• **TASK DIRECTIONS**:
What is wanted is every line below from the one with "سرویس ملحفه مدل" up to and including the one with "2023 BMW M4", retyped exactly, pictures excluded, nothing else.

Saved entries
◇ ◇ ◇ ◇ ◇ ◇ ◇

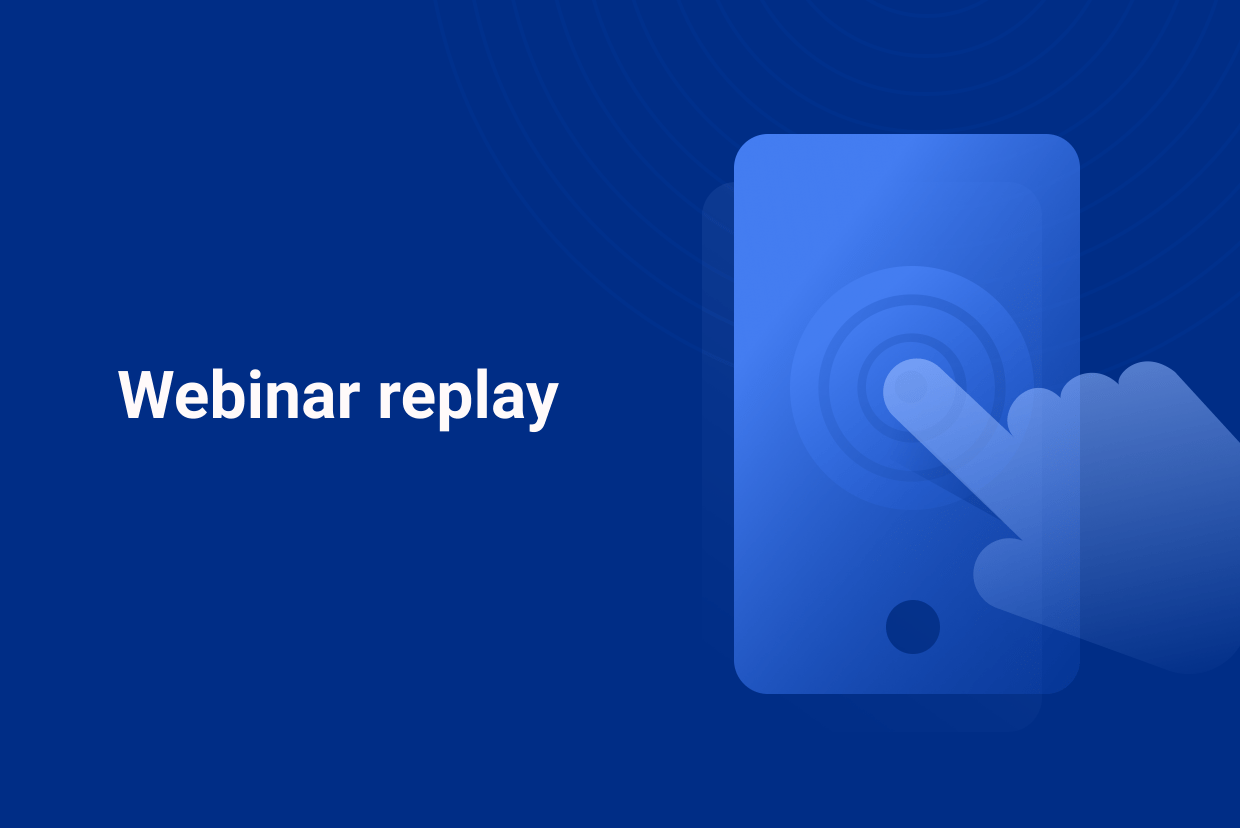 Despark webinar replay - workplace wellness and mental health with digital platforms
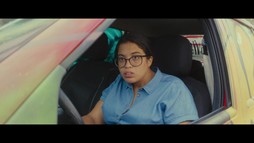 Fakjú, pani profesorka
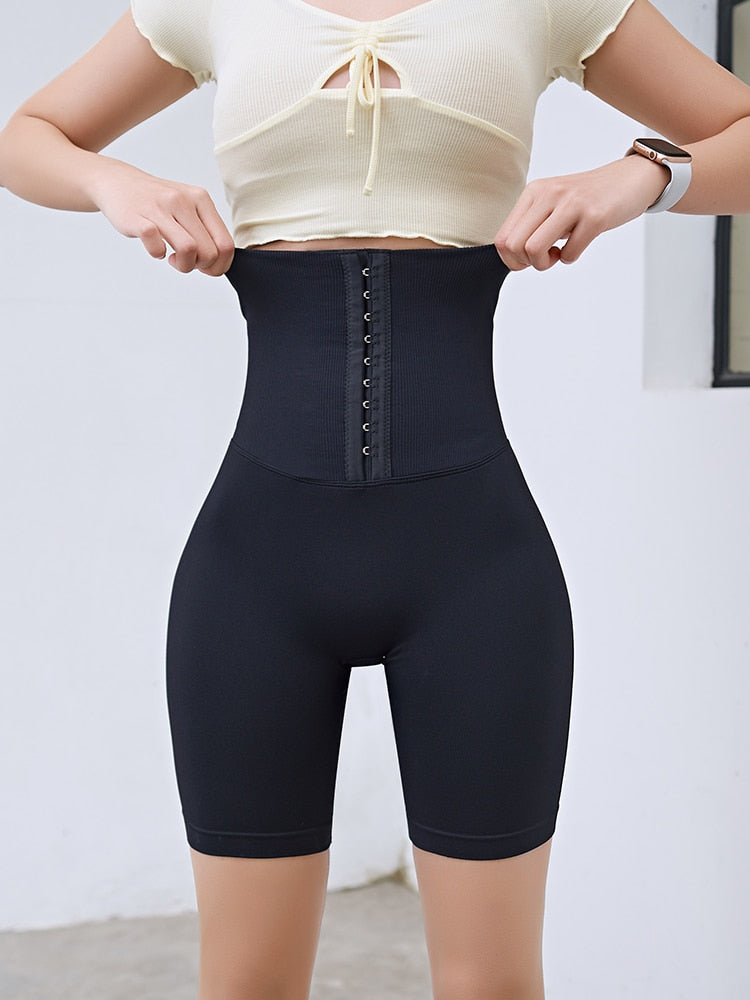 Leg corsett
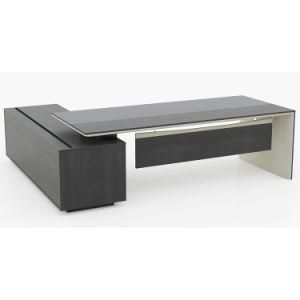 Luxury Comfortable Big Boss Office Table Boss Office Table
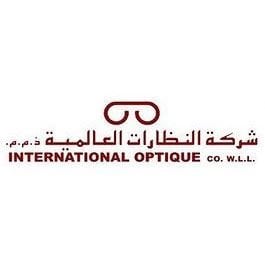 International Optique - Fahaheel (Yaal)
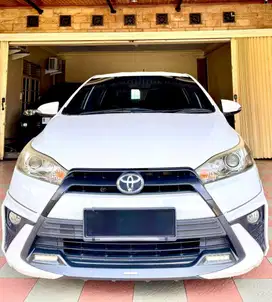 Toyota Yaris TRD 1.5 AT ( istimewa )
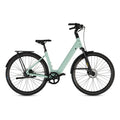 Starly Bikes Super Lite Elektrische Fiets - Fresh Green - 48cm - AE-trading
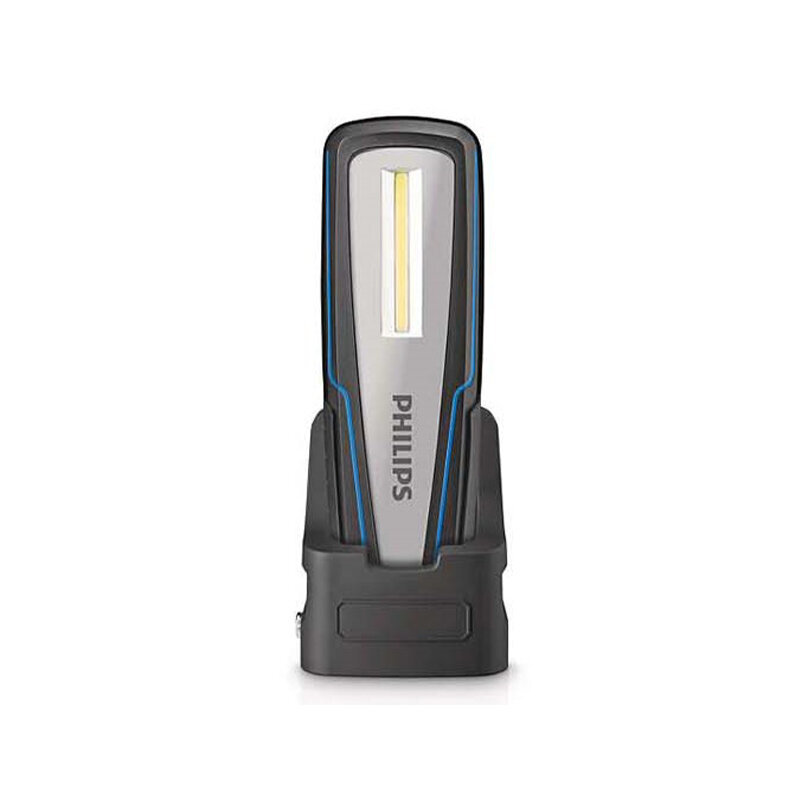Garažo lempa Philips RCH20 LED LPL12 220V kaina ir informacija | Auto reikmenys | pigu.lt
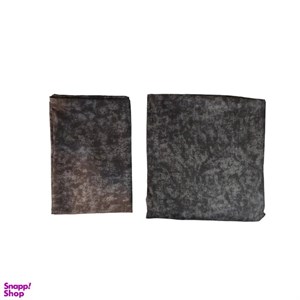 سرویس ملحفه مدل روتختی کشدار مدل پتینه 1 نفره 2 تکه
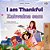 I Am Thankful (English Croatian Bilingual Children's Book)-.. - Imagem 1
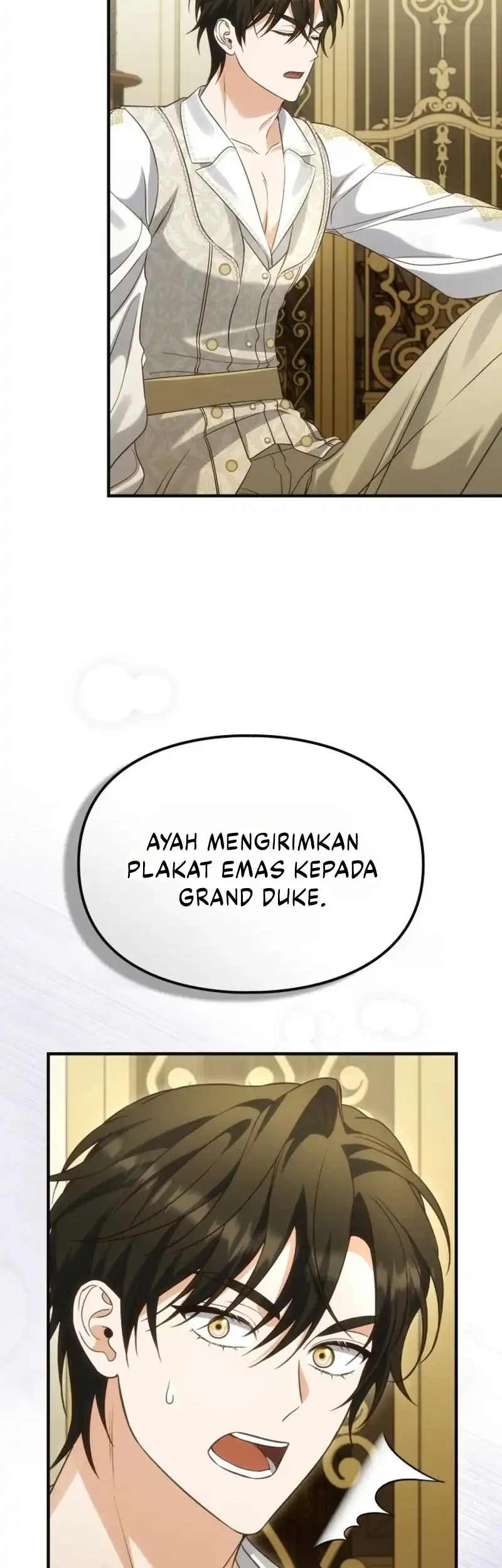 Time Healer Ceres Chapter 11 Gambar 38
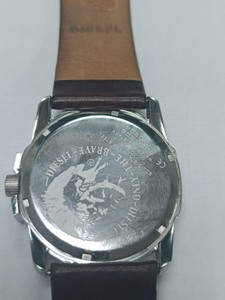 Б/в Годинник Diesel dz1206 01-201031281
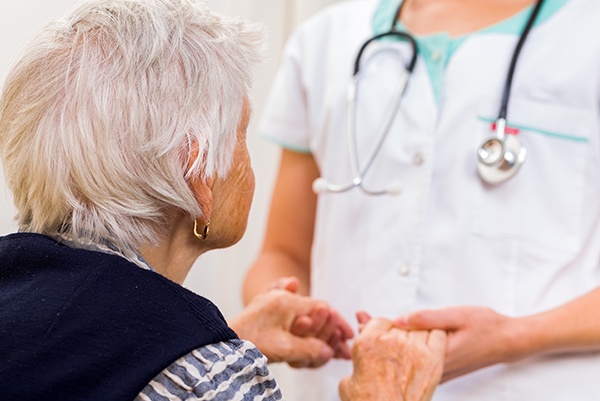 nursing-assistant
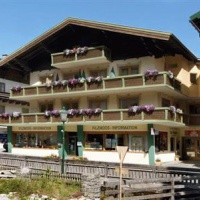 Отель Central Hotel Filzmoos в городе Фильцмос, Австрия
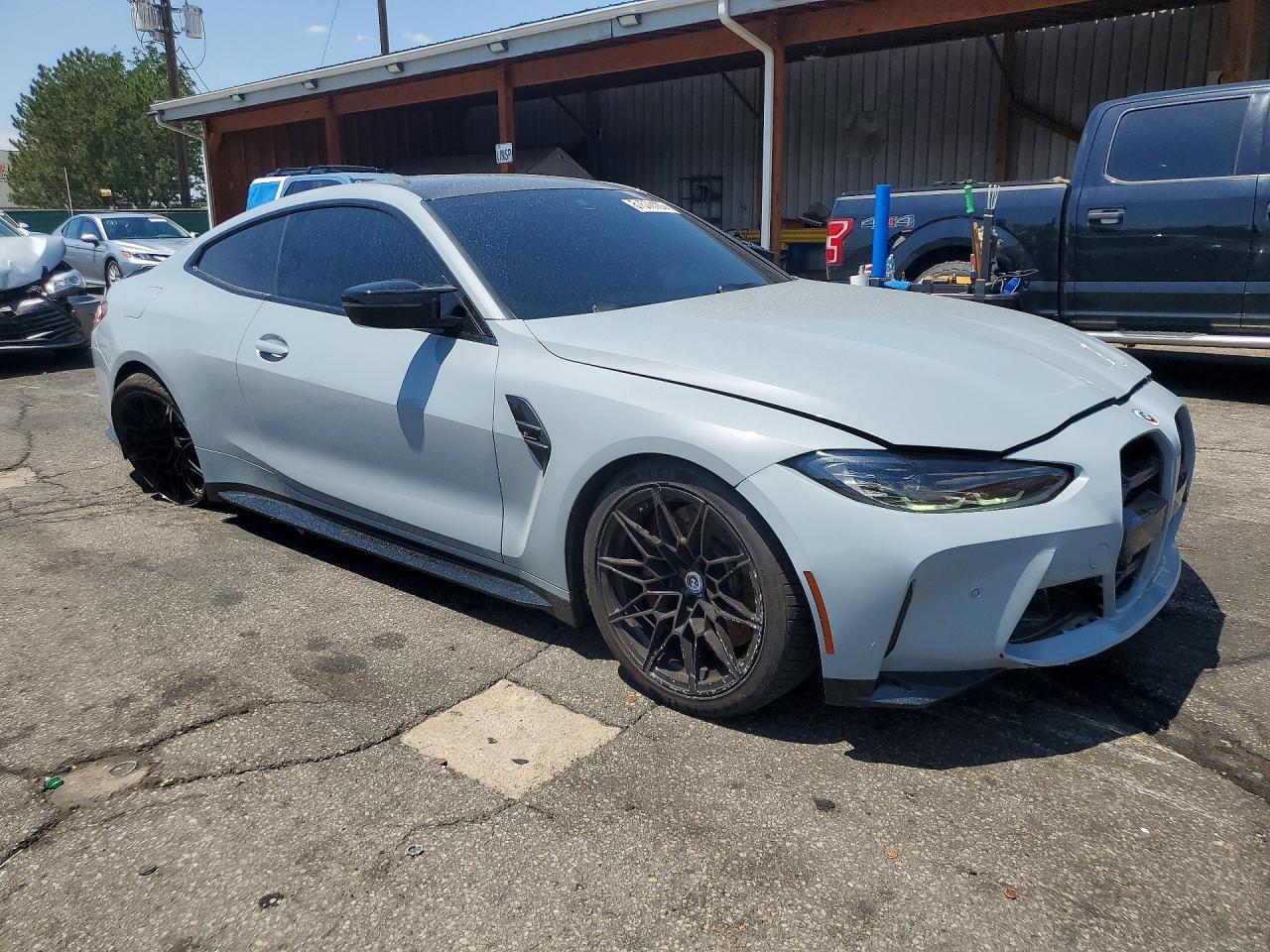 2023 BMW M4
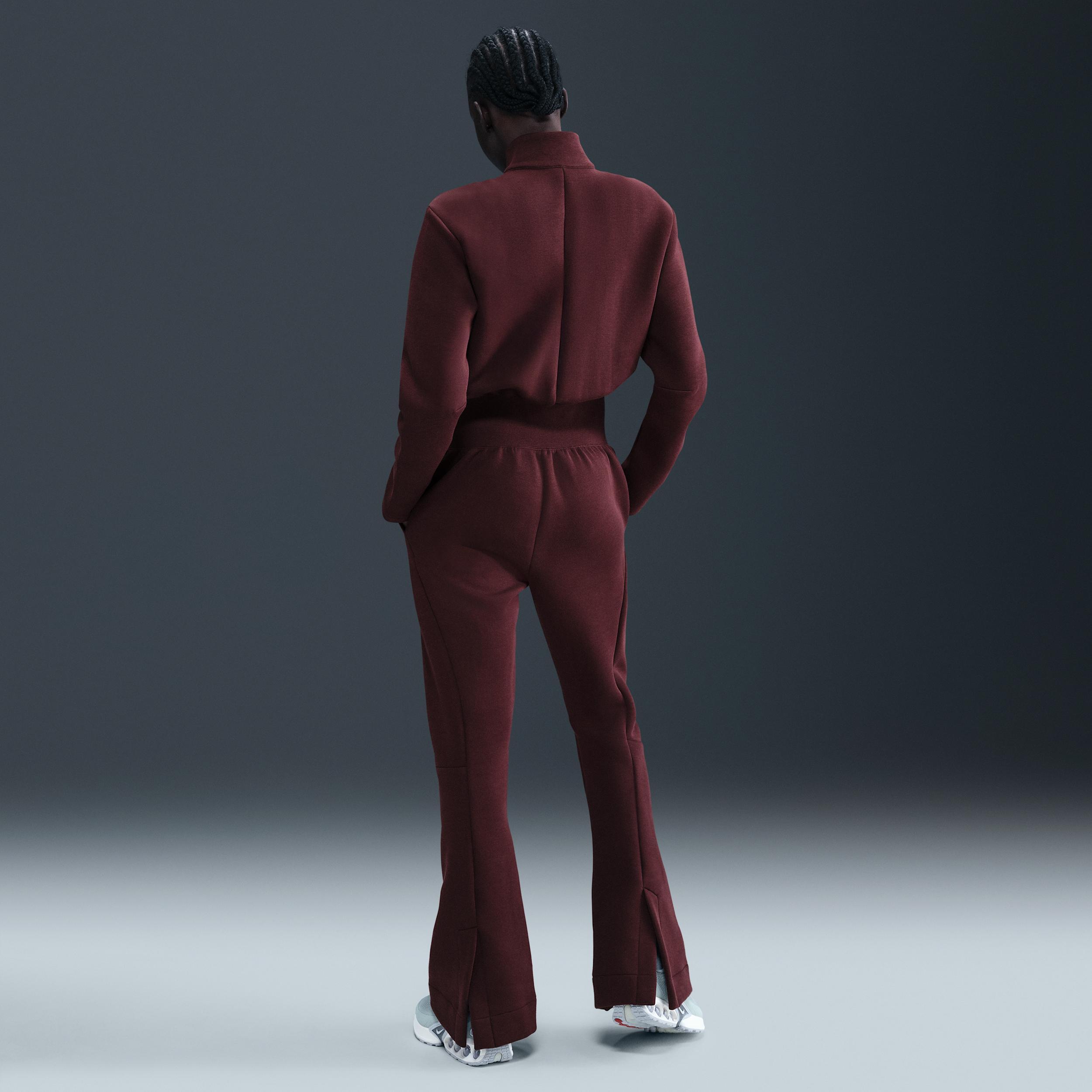 Nike Sportswear Tech Fleece Women's Jumpsuit Product Image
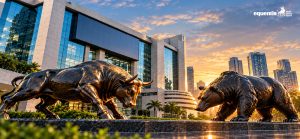 Bears Tighten Grip on Dalal Street: Sensex Falls 1%, Nifty Slips Below 22,600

◇ ◇ ◇ ◇ ◇ ◇ ◇

• **OUTPUT OF THE EXERCISE**:
 سرویس ملحفه مدل روتختی کشدار مدل پتینه 1 نفره 2 تکه
 I Am Thankful (English Croatian Bilingual Children's Book)-.. - Imagem 1
 Time Healer Ceres Chapter 11 Gambar 38
 Б/в Годинник Diesel dz1206 01-201031281
 nursing-assistant
 Отель Central Hotel Filzmoos в городе Фильцмос, Австрия
 2023 BMW M4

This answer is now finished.